* _TASK DETAILS_:
Copy exactly the lines from the start of the material through the line with "Villa en primera". Pictures stay out of the copy.

=== Begin Enclosure ===

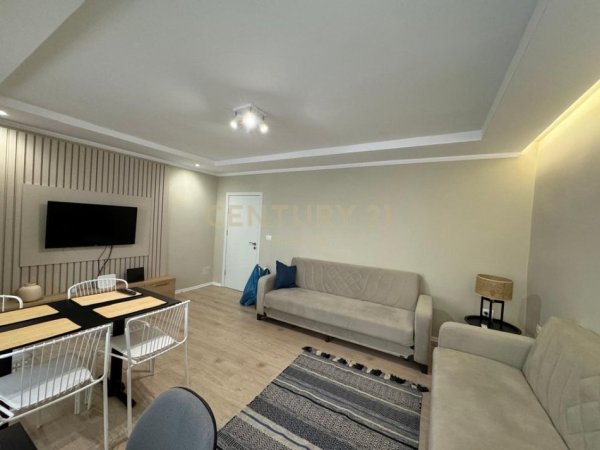 Tirane, jepet me qera apartament 2+1+Ballkon Kati 3, 80 m² 950 € 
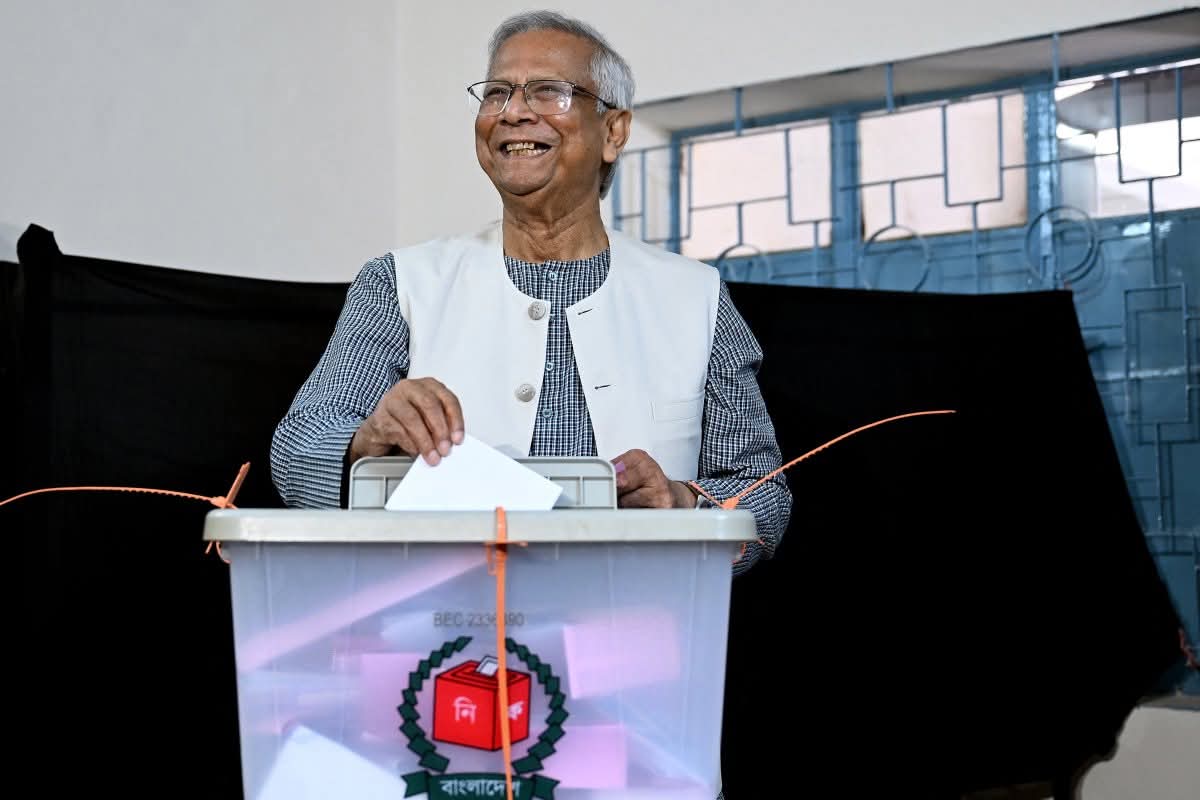 হাসিনার পতনের পর ঐতিহাসিক নির্বাচনে ভোট দিতে অংশ নিয়েছেন বাংলাদেশের মানুষ।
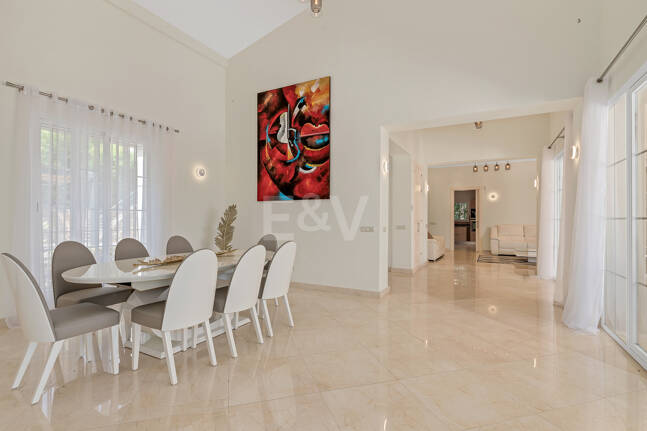 Villa en primera línea de golf en Los Arqueros con vistas espectaculares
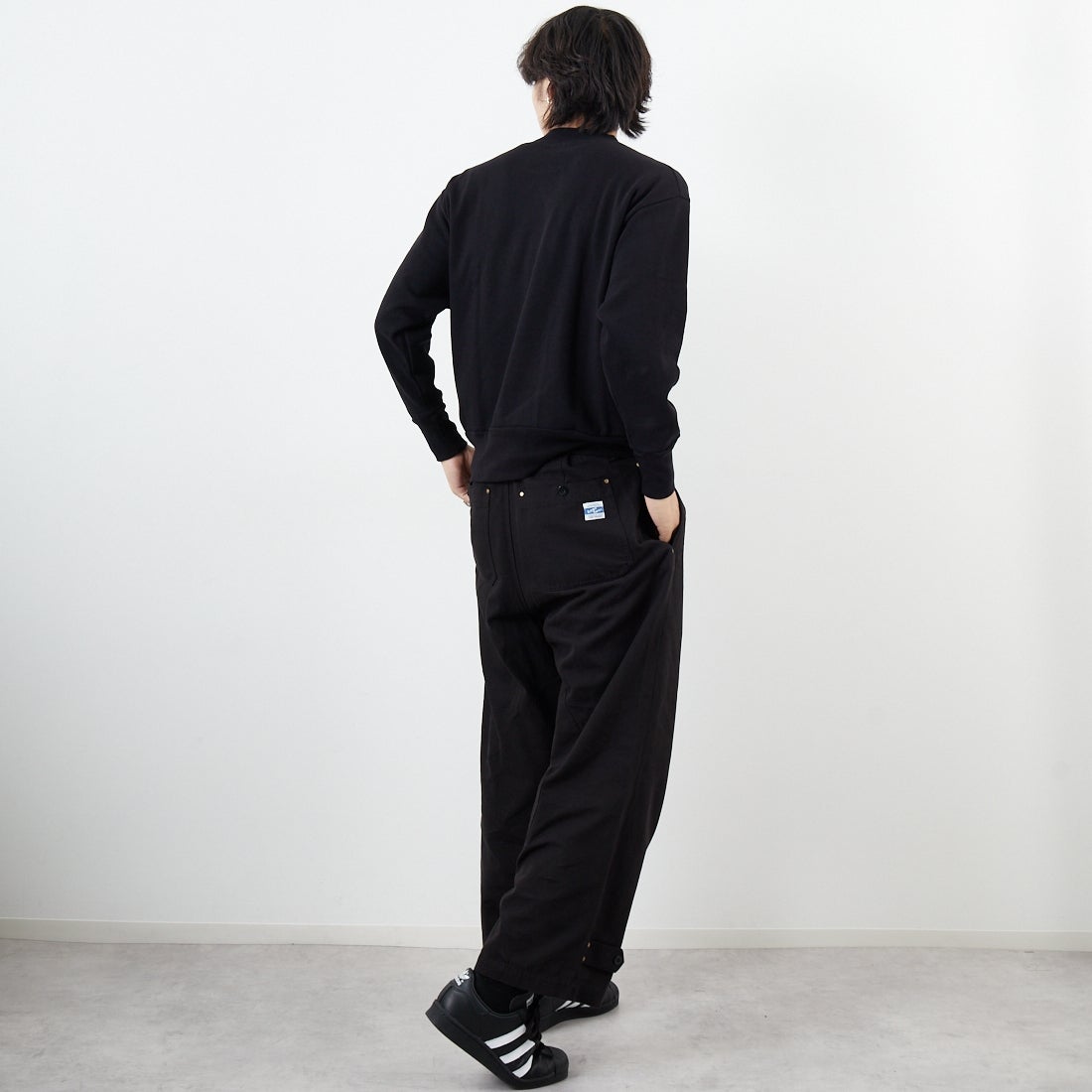 GICIPI [ジチピ] ORSO クルーネックニットソー [2504A] NERO &&モデル身長：179cm 着用サイズ：4&&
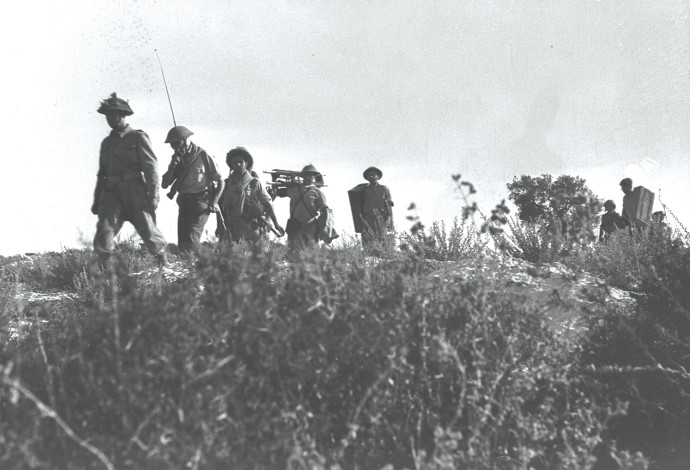 חיילים במלחמת יום העצמאות  (צילום:  לע"מ)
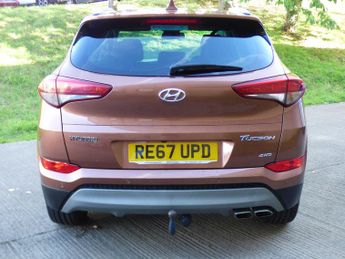 Hyundai Tucson 2.0 CRDi Premium SUV 5dr Diesel Auto 4WD Euro 6 (136 ps)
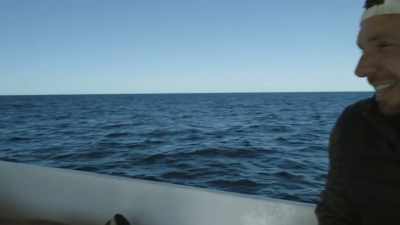 {\an8}I think one of us is quite seasick. - The Green Planet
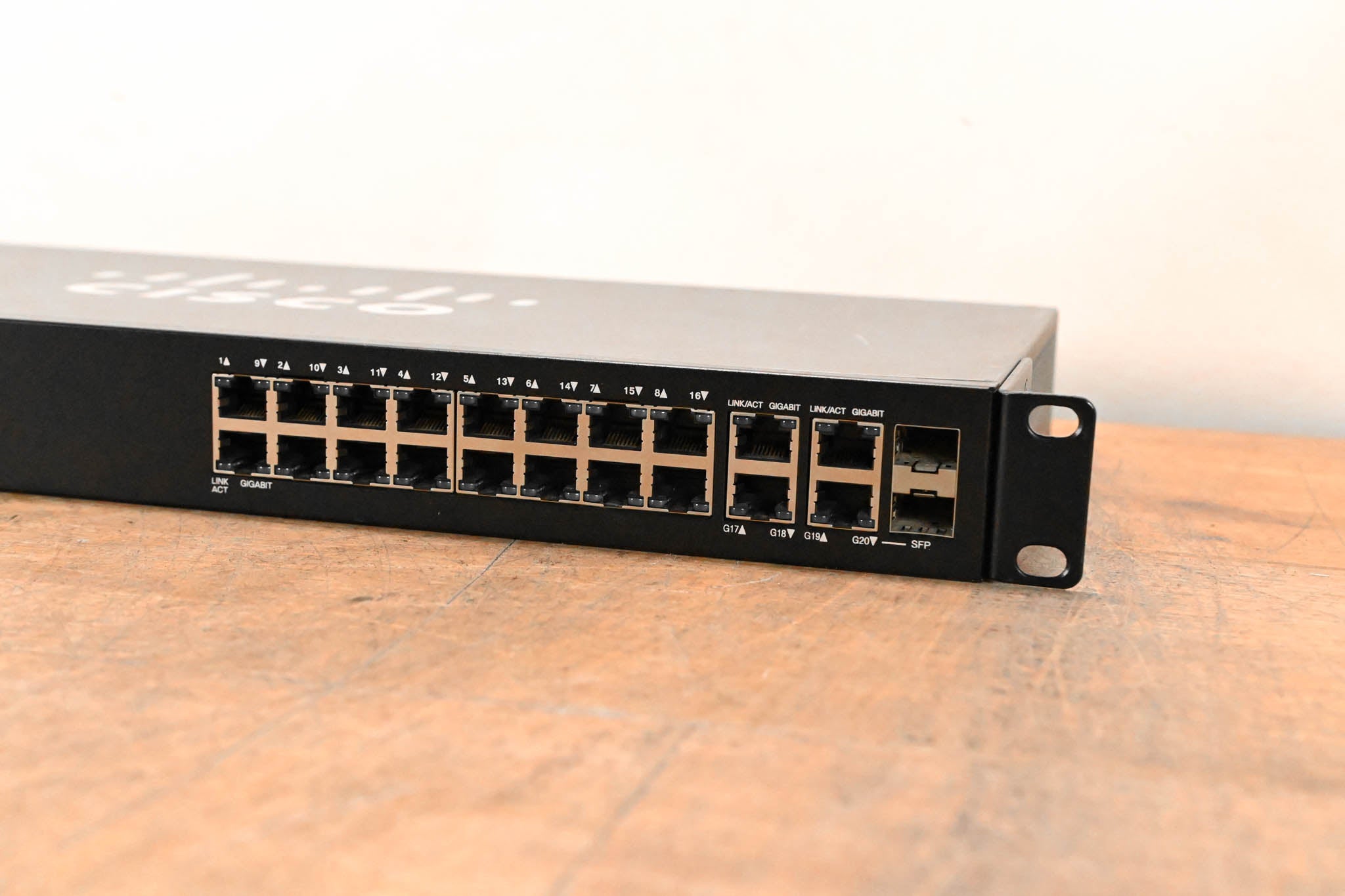 Cisco SG300-20 20-Port Gigabit Managed Switch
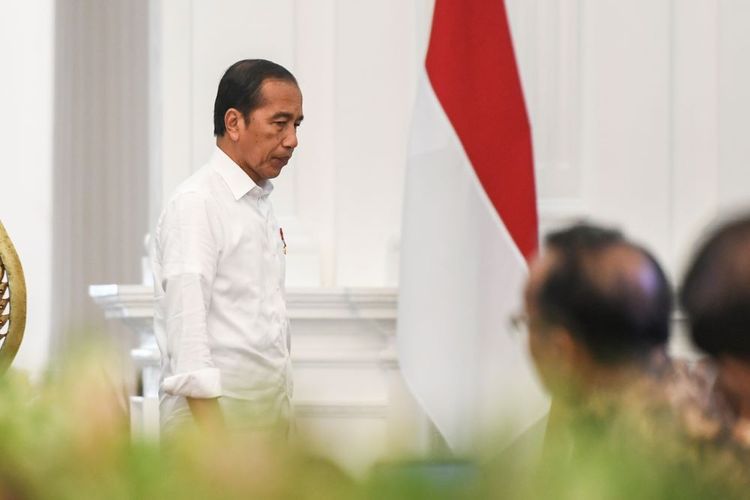 Presiden Joko Widodo bersiap memimpin rapat terbatas (Ratas) di Istana Merdeka, Jakarta, Kamis (13/6/2024). ANTARA FOTO/Hafidz Mubarak A/tom.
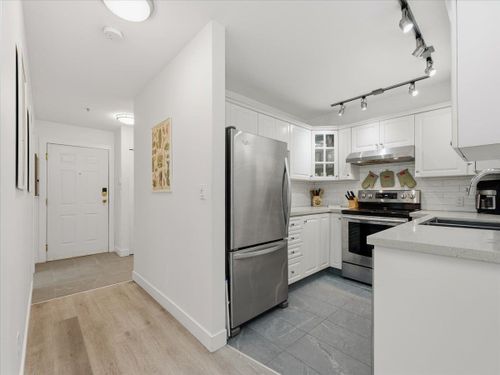 155-e-3rd-street-lower-lonsdale-north-vancouver-21 at 112 - 155 E 3rd Street, Lower Lonsdale, North Vancouver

=== End Enclosure ===

* _SOLUTION_:
 Tirane, jepet me qera apartament 2+1+Ballkon Kati 3, 80 m² 950 € 
 হাসিনার পতনের পর ঐতিহাসিক নির্বাচনে ভোট দিতে অংশ নিয়েছেন বাংলাদেশের মানুষ।
 Villa en primera línea de golf en Los Arqueros con vistas espectaculares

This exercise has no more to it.